RECORD EXCERPTS
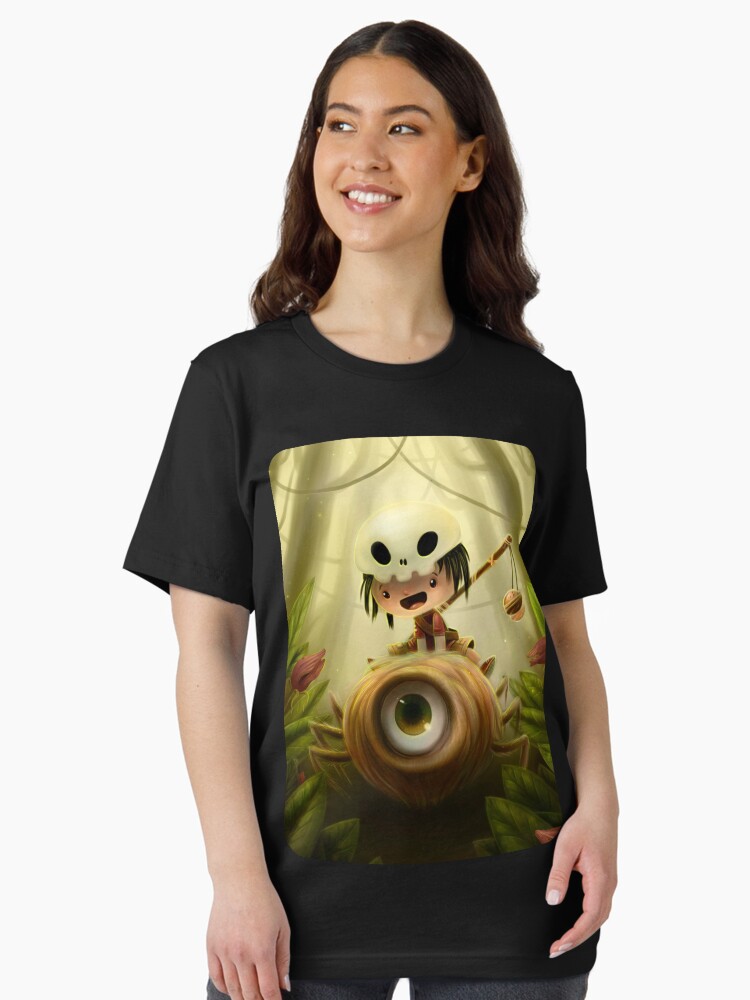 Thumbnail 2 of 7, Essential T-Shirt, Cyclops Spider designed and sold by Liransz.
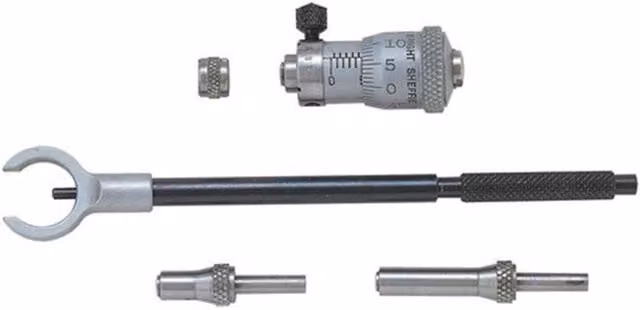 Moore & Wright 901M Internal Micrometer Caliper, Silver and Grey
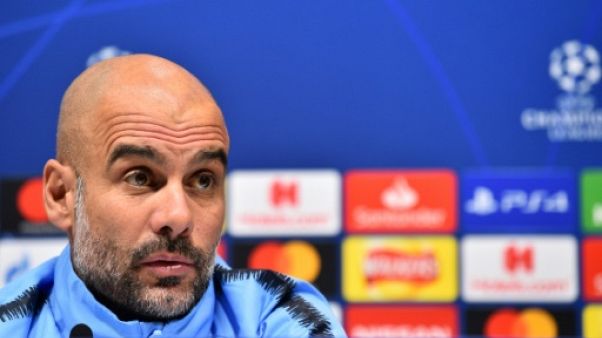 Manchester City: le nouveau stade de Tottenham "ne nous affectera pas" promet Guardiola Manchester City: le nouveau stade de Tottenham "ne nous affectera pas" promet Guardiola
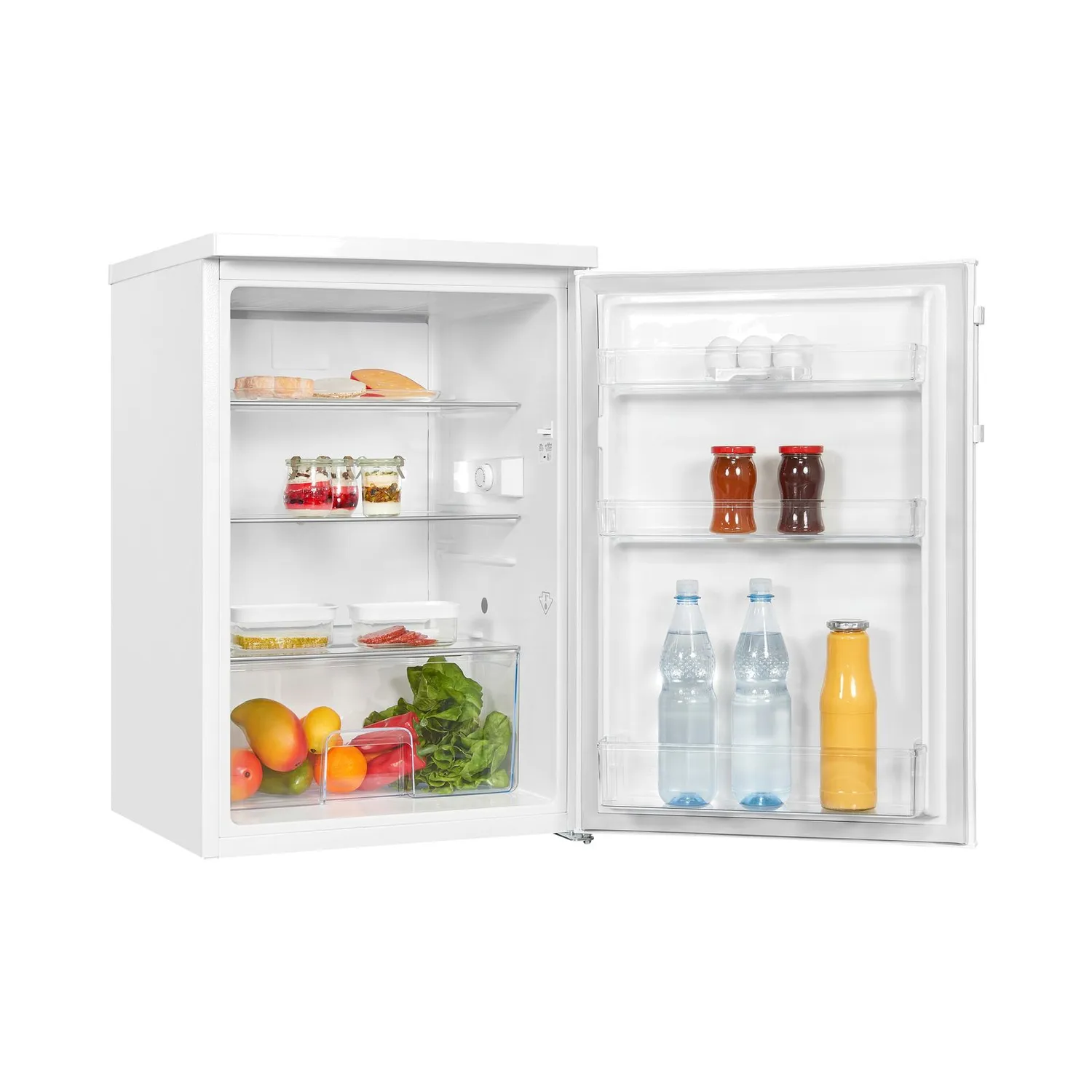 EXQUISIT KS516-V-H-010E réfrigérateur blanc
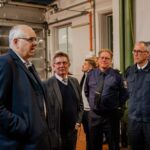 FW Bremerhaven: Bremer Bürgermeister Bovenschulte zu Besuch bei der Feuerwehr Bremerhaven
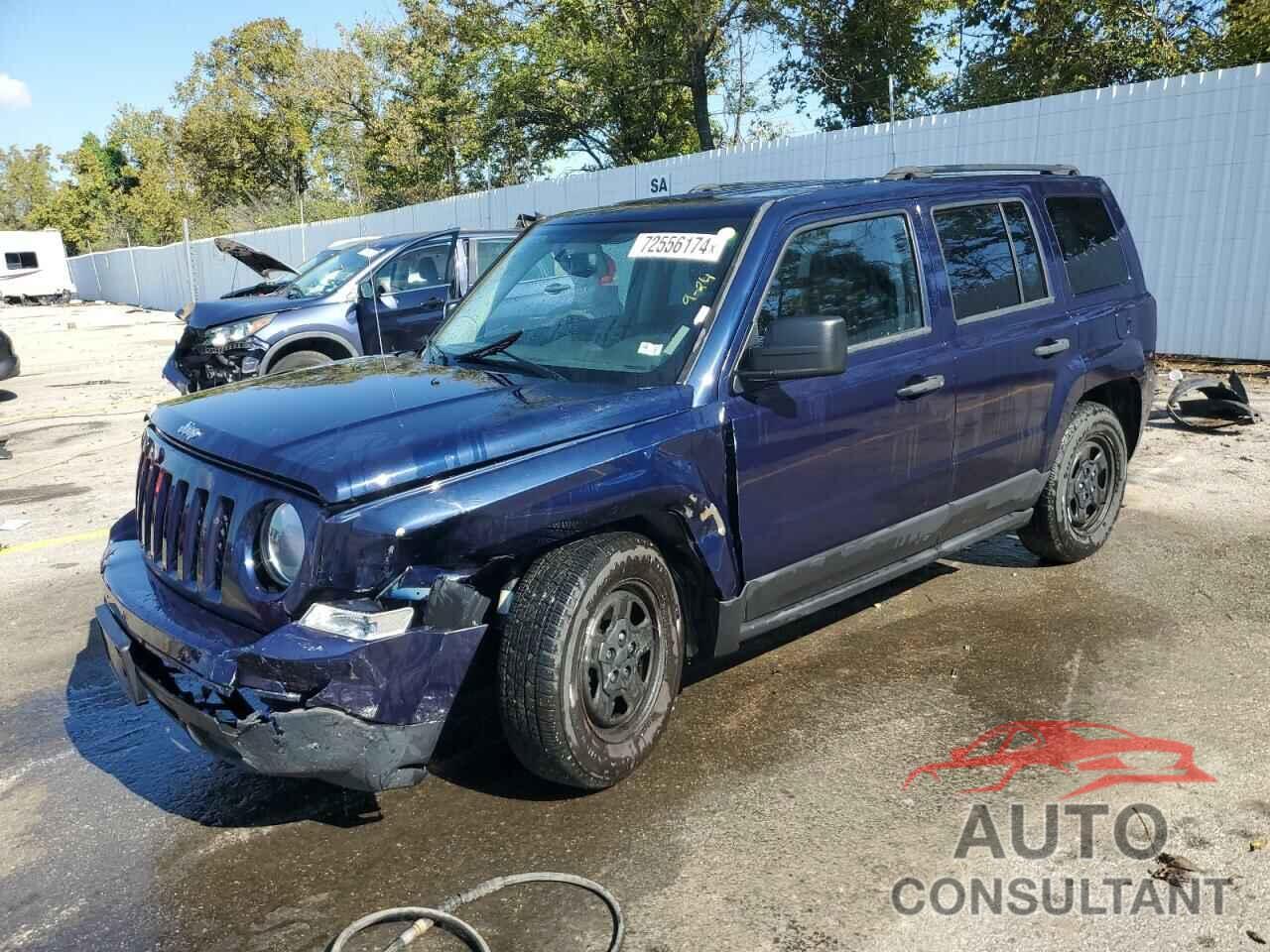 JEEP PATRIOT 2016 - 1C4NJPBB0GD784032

YOUR GOAL
The lines to set down run from the line with "Moore & Wright" up to and including the line with "EXQUISIT KS516-V-H-010E réfrigérateur blanc" in the entries above. Reproduce them exactly, with no pictures.

SOLVED PROBLEM
 Moore & Wright 901M Internal Micrometer Caliper, Silver and Grey
 Manchester City: le nouveau stade de Tottenham "ne nous affectera pas" promet Guardiola Manchester City: le nouveau stade de Tottenham "ne nous affectera pas" promet Guardiola
 EXQUISIT KS516-V-H-010E réfrigérateur blanc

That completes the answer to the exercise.